Youngsville, North Carolina (PressExposure) November 29, 2011 -- Lash & Associates Publishing/Training Inc. introduces the newest tip card on concussion: CONCUSSION EDUCATION IN THE STUDENT-ATHLETE'S NEIGHBORHOOD. This tip card helps physicians examine and treat athletes, parents understand changes at home, friends be aware of concussion symptoms, educators make classroom adjustments, school nurses oversee school programs, coaches recognize and refer, and athletic trainers assess and monitor the student-athlete.
A concussion is a head injury, although the more accurate description is a brain injury, since the brain has been traumatized. A sports concussion certainly falls into this category. The most common signs and symptoms of a concussion include: persistent headache, dizziness, nausea, vomiting, confusion, fatigue, irritability and depression and sometimes loss of consciousness. Even though the athlete may look fine, one cannot assume that he is okay. Athletic Trainer and author Phil Hossler says, "There is no such thing as a "minor" concussion. 90% of concussions do not involve any loss of consciousness. Younger people have more immature, still developing brains and therefore may get more serious and longer lasting concussions than adults." After a student-athlete has received a head injury or a blow to the body, no physical or emotional changes should be taken lightly.
Return to play is addressed in this tip card as the biggest question from the student-athlete's point of view, with the athlete's safety as the biggest concern of the parents, coaches and trainers.

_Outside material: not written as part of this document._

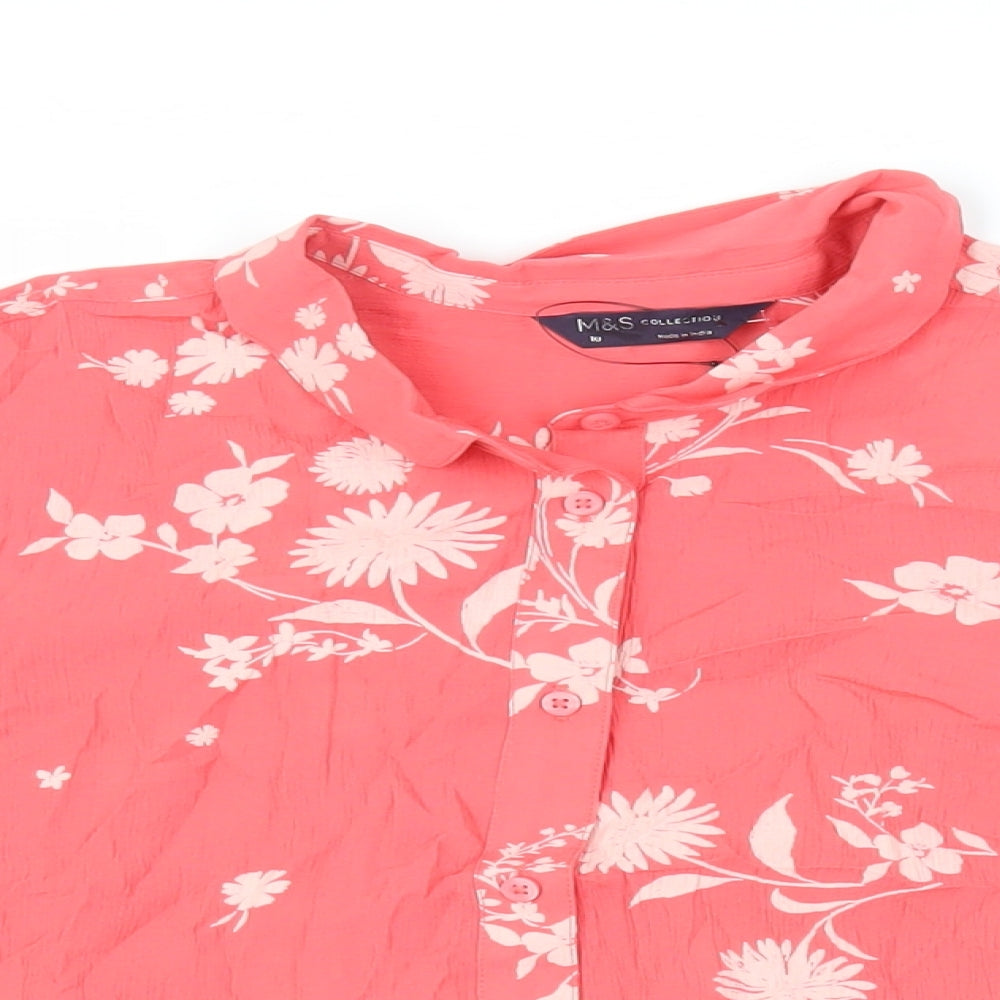 Marks and Spencer Womens Pink Floral Viscose Basic Button-Up Size 10 Collared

The majority of state laws require a physician's approval before any student-athlete returns to play following a concussion.
It is important that everyone in the student-athlete's neighborhood - parents, physicians, educators, athletic trainers, coaches, school nurses and friends - all keep a watchful eye on the injured athlete. Each and every one plays an integral part in recognizing the student-athlete's injury and helping in the recovery. The more that's known about concussion, the safer the athlete.